There are many minerals found within the human body, but of the sixteen (or possibly more) essential minerals, the amount required on a daily basis varies enormously. This is why minerals are subdivided into two classes: macrominerals and microminerals. Macrominerals include those that are needed in high quantities, ranging from milligrams to grams. Calcium, phosphorous, and magnesium are macrominerals. Microminerals are those necessary in smaller quantities, generally between a microgram and a milligram. Examples of microminerals include copper, chromium, and selenium. Dietary requirements for some minerals have yet to be established.
6. Water: Makes up the last class of nutrients, though the fact that it is considered a nutrient is surprising to many people. Water, however, has many necessary functions in the human body. Some of its actions include its use as a solvent (a substance that other substances dissolve in), as a lubricant, as a conduction system for transportation of vital nutrients and unnecessary waste, and as a mode of temperature regulation.
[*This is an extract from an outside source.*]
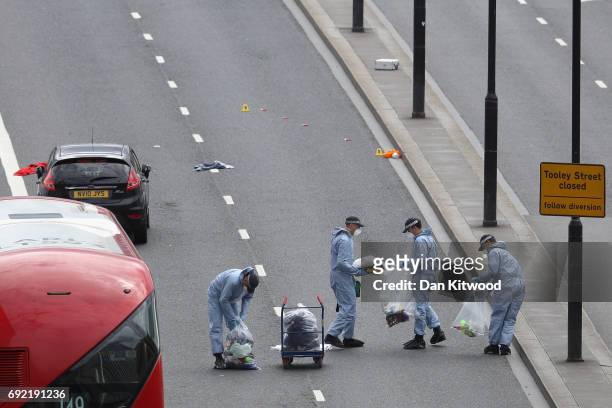 Forensic officers work at the scene on London Bridge following last night's terrorist attack on June 4, 2017 in London, England. Police continue to...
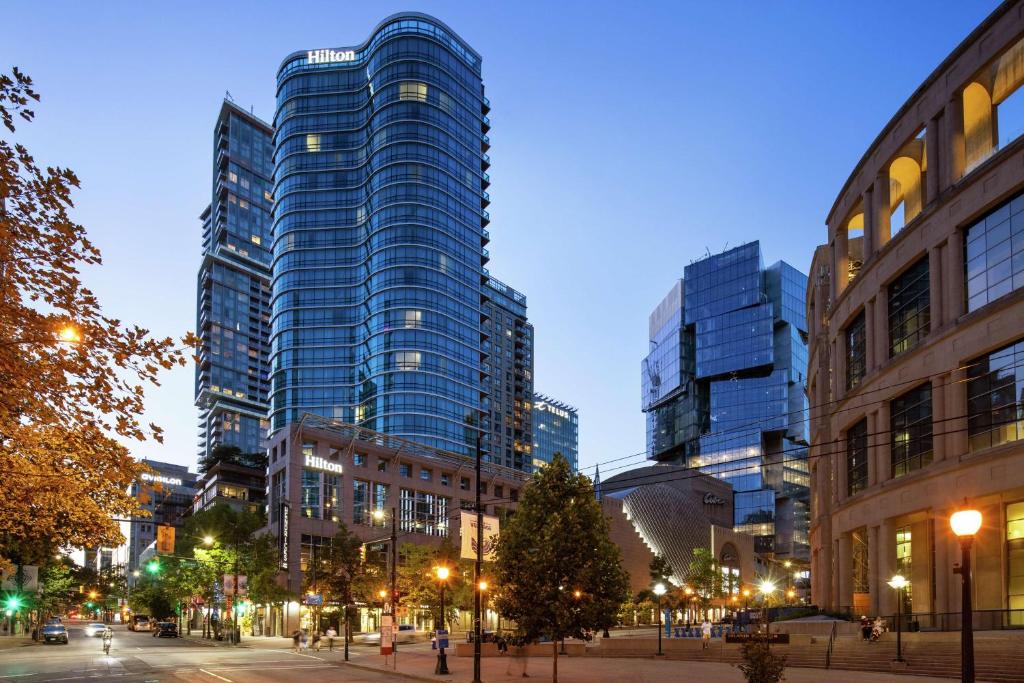 温哥华Hilton Vancouver Downtown, BC, Canada的一条城市街道,晚上有高大的建筑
There are many available sources of water other than tap water and bottled water. Some foods have a high water content, including many fruits and vegetables. In addition, the body can make small amounts of water from various metabolic prcesses that result in molecules of water as a by-product. This, however, is by no means sufficient for the body's needs of water. It is generally recommended that people drink eight cups (or nearly 2 liters) of water a day to maintain an adequate supply.